H. L. Purdy – Track and Roadway Engineer, CNR, Moncton

And on behalf of the Brotherhood:

P. A. Legros – System Federation General Chairman, Ottawa

J- J. Roach – General Chairman, Moncton

F. L. Stoppler – Vice-President, Ottawa

 

AWARD OF THE ARBITRATOR

Article 7.1 of the Collective Agreement is as follows:

SECTION 7

Work on Unassigned Days

7.1 Where work is required by the railways to be performed on a day which is not part of any assignment, it may be performed by an available laid-off or unassigned employee who will otherwise not have forty hours of work that week. In all other cases by the regular employee.

Article 32.3 is as follows:

Performance of Maintenance of Way Work by Employees Outside of Department

32.3 Except in cases of emergency or temporary urgency, employees outside of the maintenance of way service shall not be assigned to do work which properly belongs to the maintenance of way department, nor will maintenance of way employees be required to do any work except such as pertains to his division or department of maintenance of way service.

The Union asserts that the Company was in violation of the Collective Agreement "by hiring people from outside the Company" to perform work "covered by the Collective Agreement" when regular employees were "available". The issue is whether or not, in the circumstances, the grievors – who were not deprived of any of their regular work – were entitled to perform the work in question.

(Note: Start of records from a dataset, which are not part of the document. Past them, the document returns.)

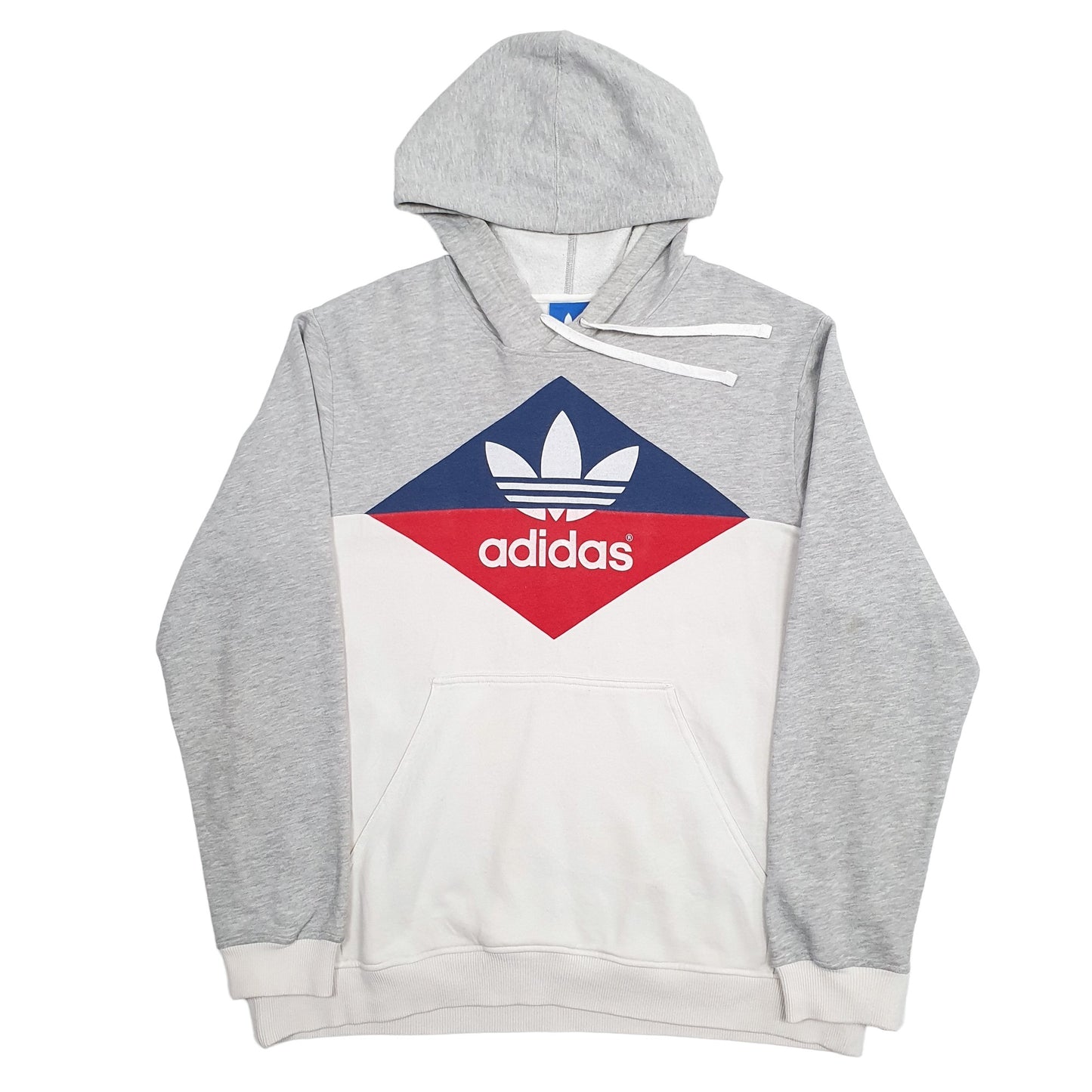 Mens Grey Adidas Spellout Hoodie Jumper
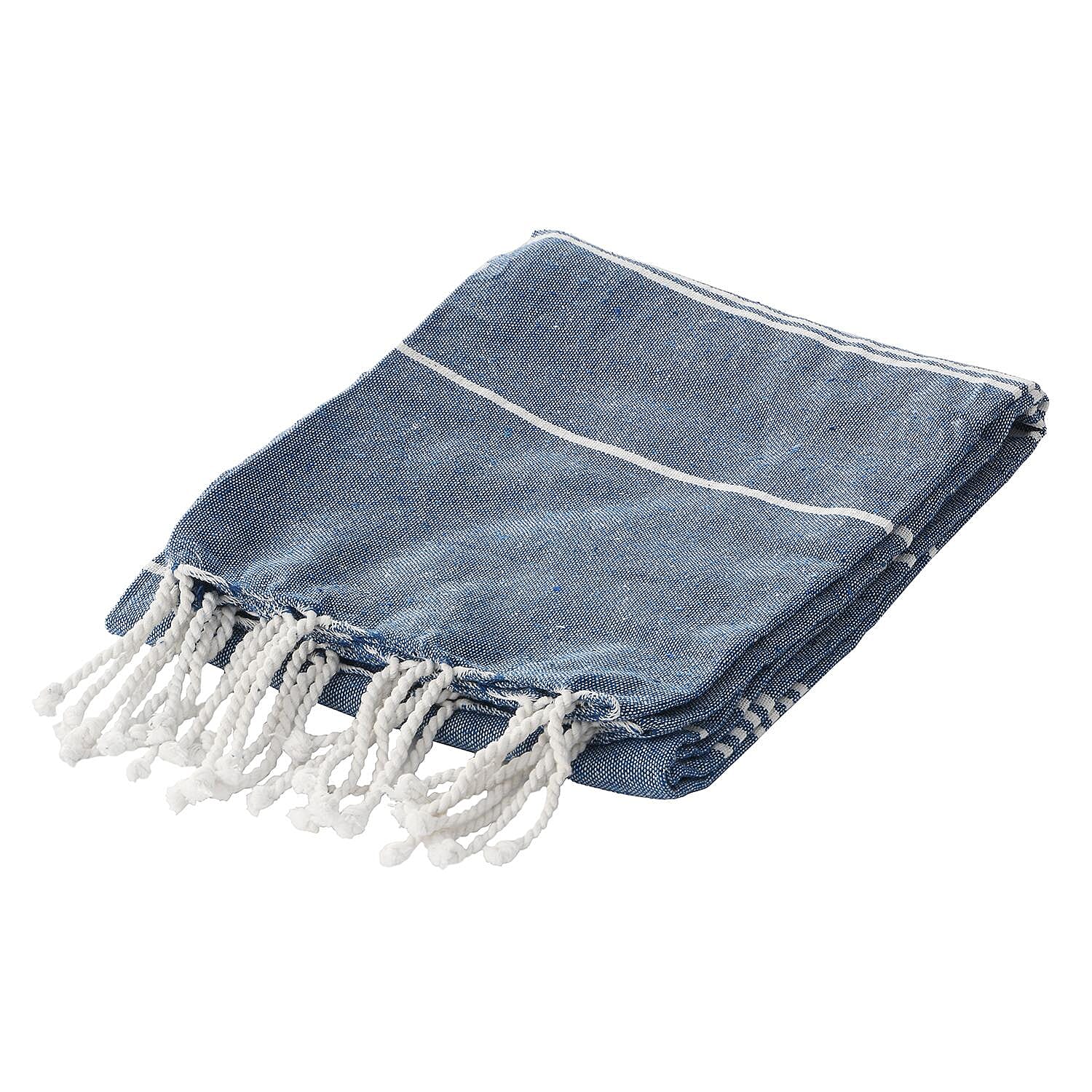 Set of 2 - 100% Cotton Beach/Hammam Towel (Size 170x90 Cm) - Royal Blue & Turquoise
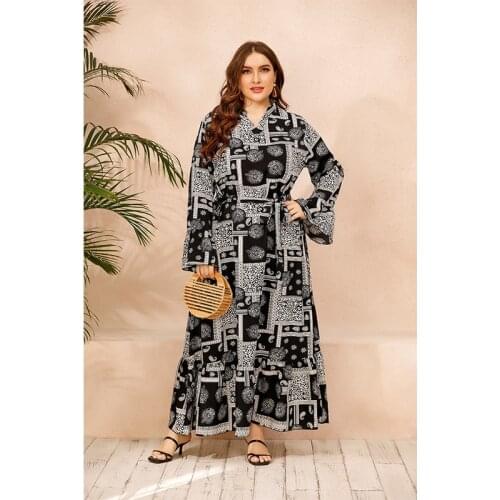 DOIB Women White Black Print Plus Size Dress V Neck Flare Sleeve Sashes Long Wrap Dress 2020 Autumn 4XL Dress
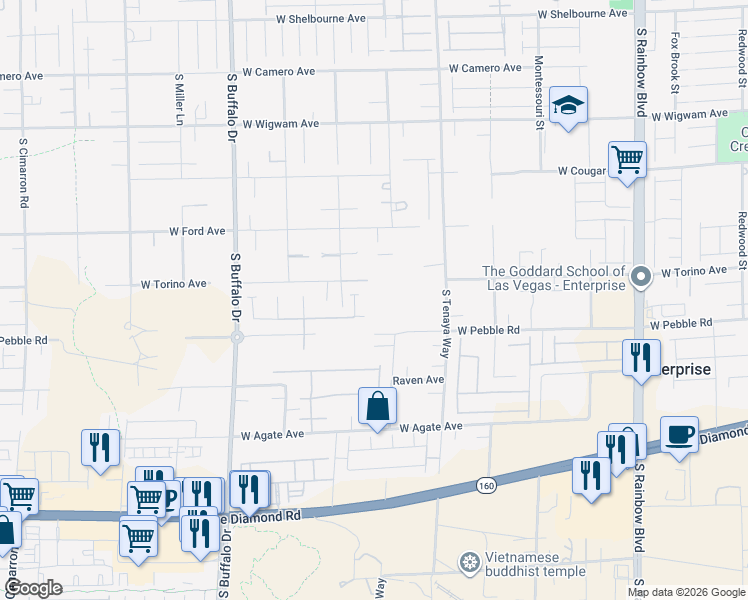 map of restaurants, bars, coffee shops, grocery stores, and more near 7416-7498 West Pebble Road in Las Vegas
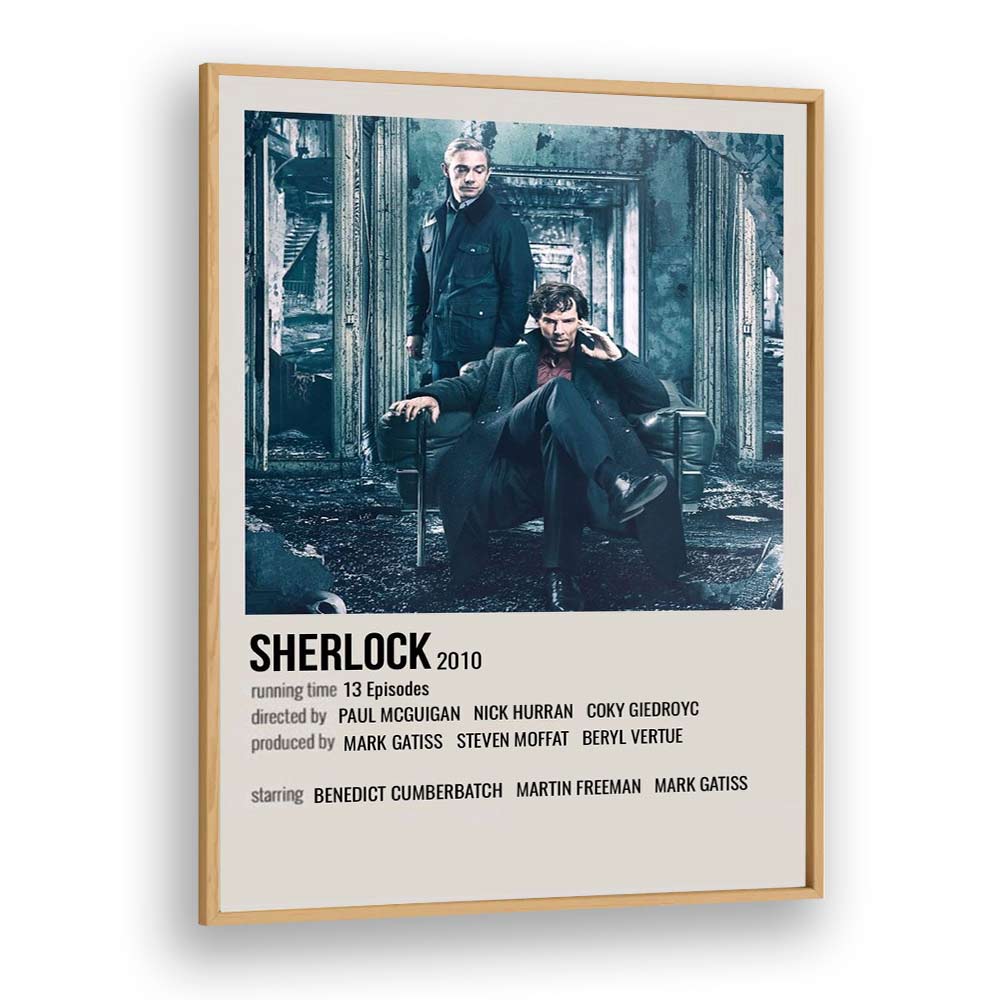 SHERLOCK 2010 MOVIE POSTERS in Oak Wood Plain Frame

While the Company states that it "utilized" certain persons as snow shovellers on the occasions in question, it would appear that the persons referred to were hired on a casual basis to perform work of a sort which would ordinarily be performed by members of the bargaining unit. This was not, it would seem, a case of "contracting-out", but rather a case of casual hiring of persons who became – briefly employees of the Company. Such persons may even have come within the scope of the bargaining unit, although it may be (there were no representations on this point) that they would be excluded therefrom by virtue of Article 1.2 of the Collective Agreement.

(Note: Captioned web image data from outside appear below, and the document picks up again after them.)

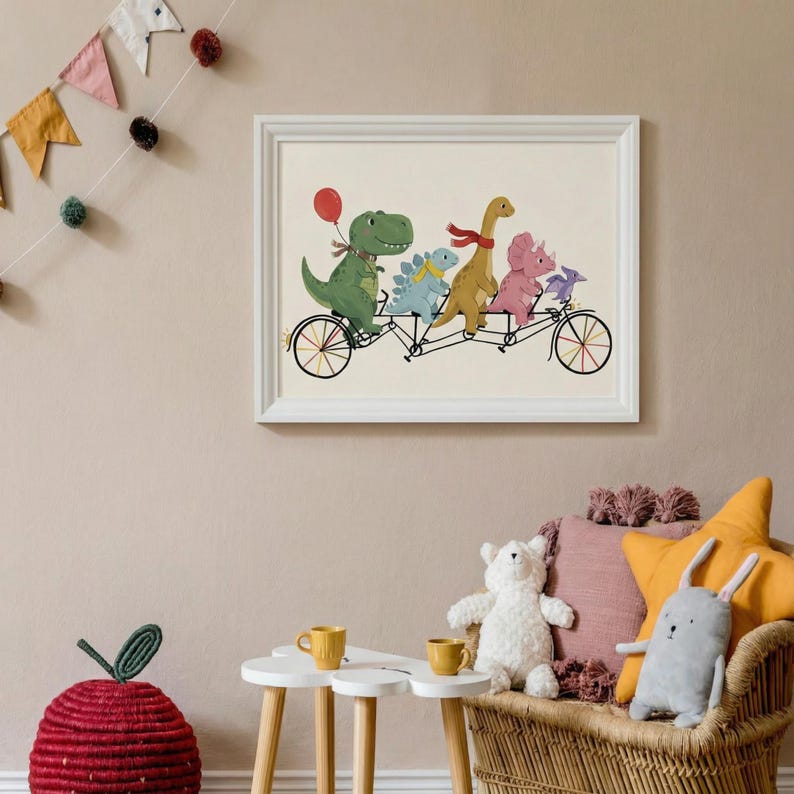 Dinosaur Bike Parade Print Nursery Decor Kids Room Arte image 5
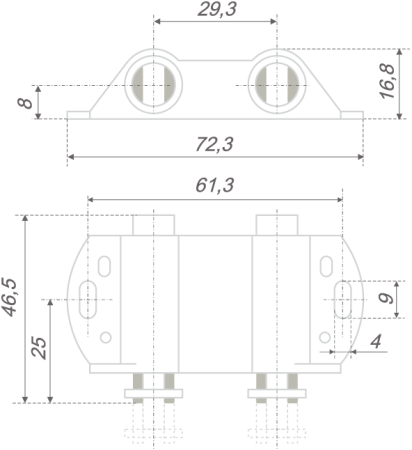 Магнитный держатель MH02/W для 2-х стекл. фасадов (белый)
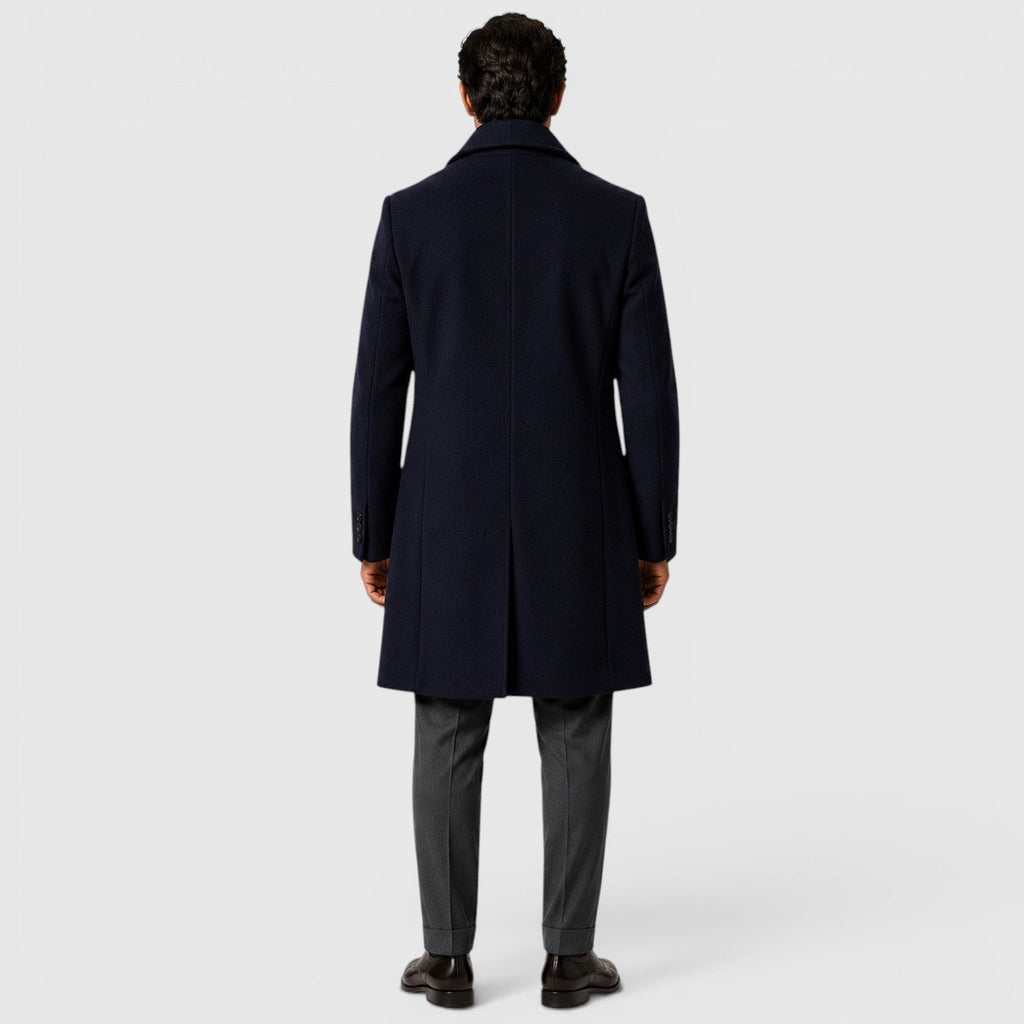 Men's classic wool blend trench coat, side view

A number of casual employees were hired for the days in question, and for other days, to supplement the normal work force for the purpose of snow removal. None of the regular employees, members of the bargaining unit, lost any regular work on that account. The claims in this case are for overtime work, and in some cases are for a third daily shift.

From the material before me, it does not appear that any of the grievors was "an available laid-off or unassigned employee" who would "otherwise not have forty hours of work" in the week in question. There was, then, no violation of Article 7 in the circumstances of this case.

As to Article 32, it would be my view that snow removal was, in the circumstances, a matter of "temporary urgency", if not of "emergency". If, then, the casual employees who were hired (without any loss of regular employment to the grievors) to perform this work were "outside of the maintenance of way department" (although it would seem that they were in that department, and may even have come within the bargaining unit as well) their assignment was not, in the circumstances of this case, in violation of Article 32.

There has, then, been no violation of the provisions referred to. The grievances, which in some cases involve claims of entitlement to twenty-four hours' work per day (in a period of high unemployment!) are dismissed.